- Work to be completed -
Copy every record word for word. Pictures are not part of the copy.

Collected data entries

-*-

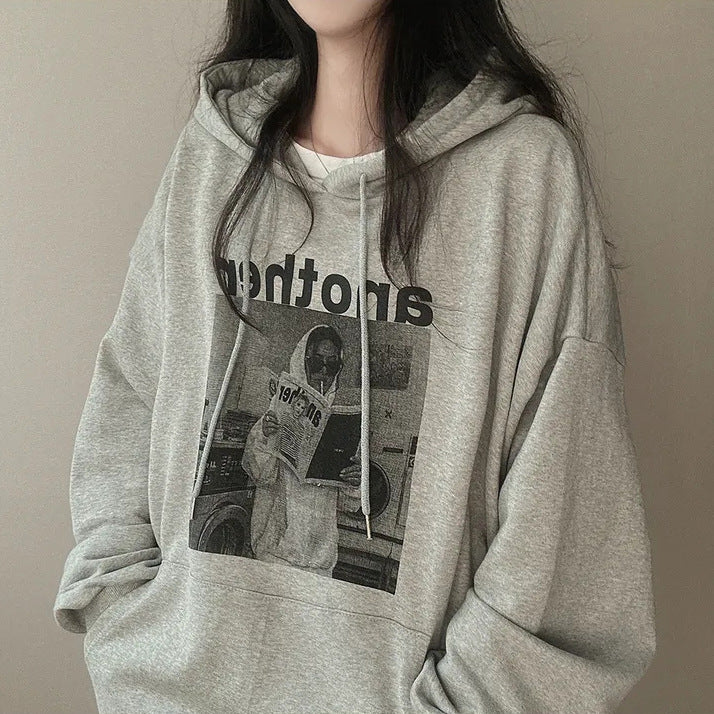Korean 3D Fleece-Lined Hooded Sweater for Women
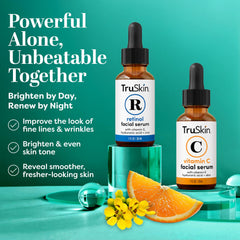 TruSkin duo packaging front showing day and night serums.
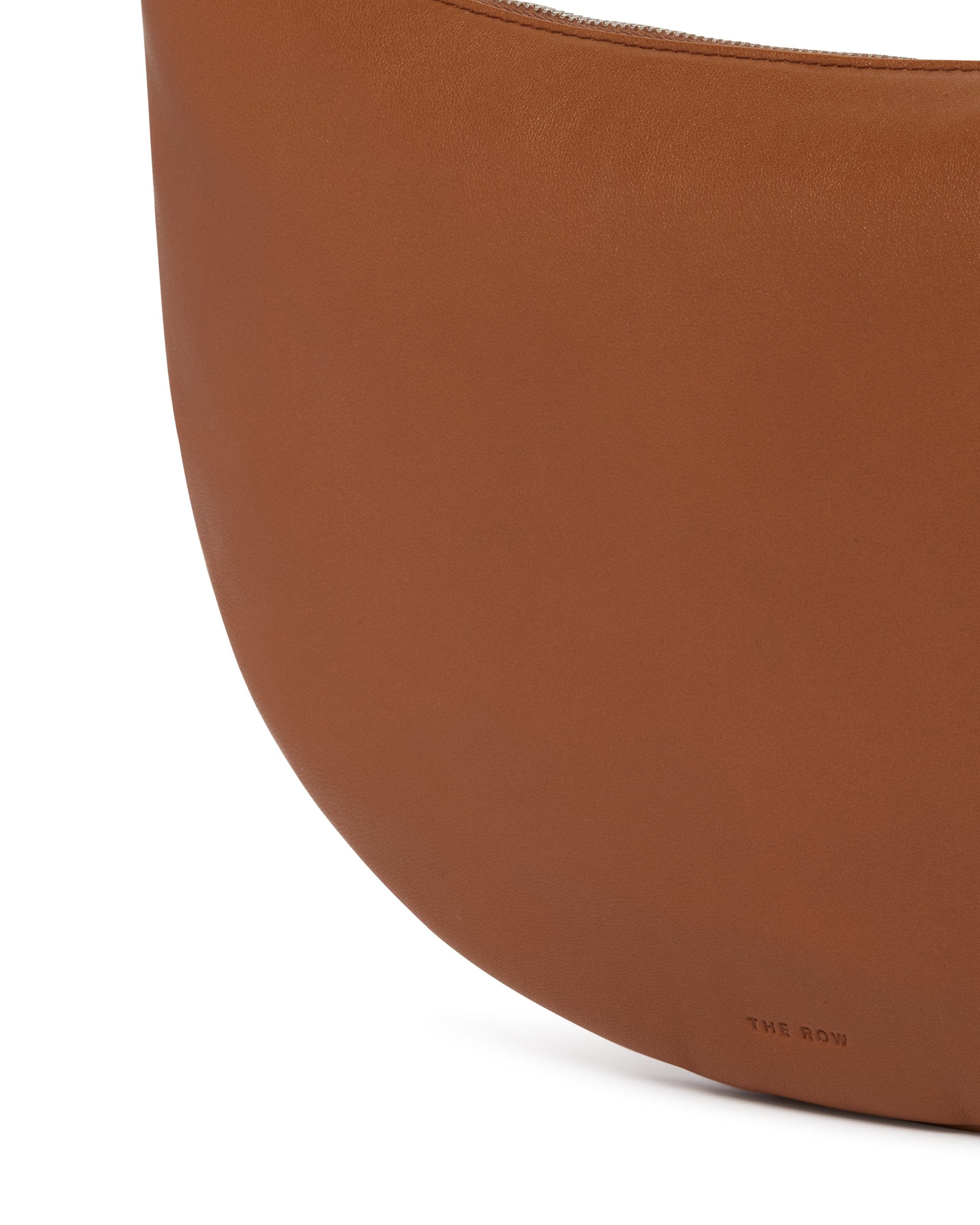THE ROW Borsa A Tracolla In Pelle Marrone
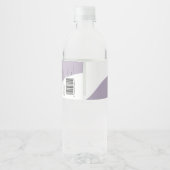 Modernes, Lila Seifendesign Wasserflaschenetikett (Rückseite)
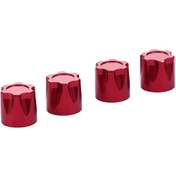 Resim Kosona Rc 1/10 Kırmızı Metal Kendinden Kilitlenen M4 Lastik Somunları - 4 Adet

-*-

- Task response -
Korean 3D Fleece-Lined Hooded Sweater for Women
 TruSkin duo packaging front showing day and night serums.
THE ROW Borsa A Tracolla In Pelle Marrone
 Modernes, Lila Seifendesign Wasserflaschenetikett (Rückseite)
 Resim Kosona Rc 1/10 Kırmızı Metal Kendinden Kilitlenen M4 Lastik Somunları - 4 Adet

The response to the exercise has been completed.